3

I would like to create an application which searches for similar documents in its database; eg. the user uploads a document (text, image, etc.), and I would like to query my application for similar ones.

I have already created the neccesseary algorithms for the process (fingerprinting, feature extraction, hashing, hash compare, etc.), I'm looking for a framework, which couples all of these.

For example, if I would implement it in Lucene, I would do the following:

  • Create a custom "tokenizer" and "stemmer" (~ feature extraction and fingerprinting)
  • Than adding the created elements to the Lucene index
  • And finally using the MoreLikeThis class to find the similar documents

So, basically Lucene might be a good choice - but as far as I know, Lucene is not meant to be a document similarity search engine, but rather a term-based searchengine.

My question is: are the any applications/frameworks, which might fit for the above mentioned problem?

Thanks, krisy

UPDATE: It seems like the process I described above is called Content Based Media (Sound, Image, Video.) Retrieval.

There are many projects that use Lucene for this, see: http://wiki.apache.org/lucene-java/PoweredBy (Lire, Alike, etc.), but still didn't found any dedicated framework ...

krisy
  • 1,508
  • 1
  • 14
  • 32
  • Have a look at [answers of this question](http://stackoverflow.com/questions/1844194/get-cosine-similarity-between-two-documents-in-lucene), I think it addresses the same topic. – mindas May 03 '13 at 09:20
  • Thanks; it confirms that my original idea can be done in Lucene! :-) But are there any other frameworks specially designed for this task? – krisy May 03 '13 at 09:26
  • I've heard about [gensim](http://radimrehurek.com/gensim/) but this is for Python. Not sure if there's anything similar for Java. – mindas May 03 '13 at 09:30
  • Looks great; I'm looking for sometheing similar, yes! – krisy May 03 '13 at 09:31

2 Answers2

0

If I am getting correctly you have your own database, and you are searching if its duplicate, or copy/similar, in database while/after user uploads.

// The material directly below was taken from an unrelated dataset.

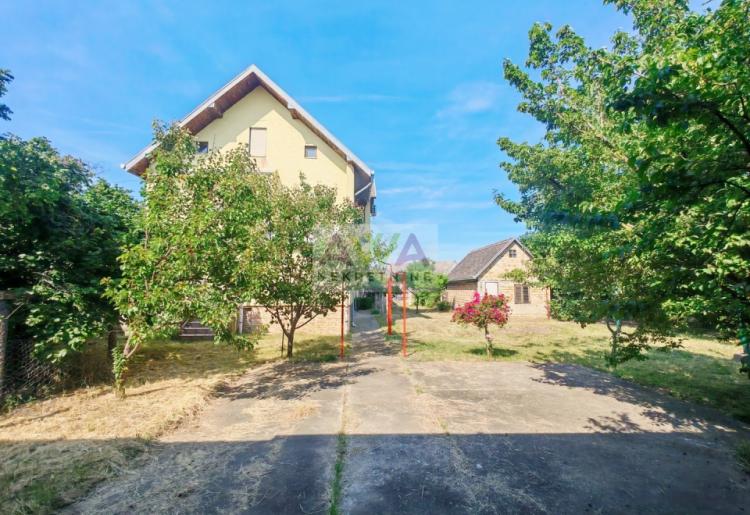 Prigrevica – Spratna porodična kuća 120m², plac 12 ari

If That is the case, the domain is very big in comparison..

1) For Image you must use pattern matching, there are few papers available for image duplicate finder, on net, search for them you will get many options for that,

2) for Document there is again characteristically division

  1. DOC(x)
  2. PDF
  3. TXT
  4. RTF, etc..

Each document carry different property, now here Lucene may help you but its search engine,

While searching for Language pattern, there are many things we need to check, as you are searching for similar(not exact same).

So, fuzzy language program will come handy.

This requirement is too large that the forum page will not be enough to explain everything anyways, I hope this much will do

MarmiK
  • 5,639
  • 6
  • 40
  • 49
  • I do realize, it is a huge domain - right know I'm only interested in finding the best tool for the job. About the size of the forum page; this reminds me: "I have discovered a truly marvelous proof of this, which this margin is too narrow to contain" :-) – krisy May 14 '13 at 09:49
  • I have seen lucene but not much aware about that, so cna't say that, but I know using neural language, or fuzzy logic you nca find the duplicate, using neural language you will create a pattern, and using fuzzy you can analyse and match them. A tool SPSS is a statistical tool and works with text containing files only if I remember it correctly. its demo is free. – MarmiK May 14 '13 at 09:52
  • Perhaps this is a link to match two data sets using spss, if it relates `http://www.ats.ucla.edu/stat/spss/faq/update.htm` :) – MarmiK May 14 '13 at 09:57
  • SPSS is a very cool piece of software - but not a framework for my needs :-( – krisy May 14 '13 at 14:27
0

Since you're using Lucene, you might take a look at SOLR. I do realize it's not a dedicated framework for your purpose either, but it does add stuff on top of Lucene that comes in quite handy. Given the pluggability of Lucene, its track record and the fact that there are a lot of useful resources out there, SOLR might help you get your job done.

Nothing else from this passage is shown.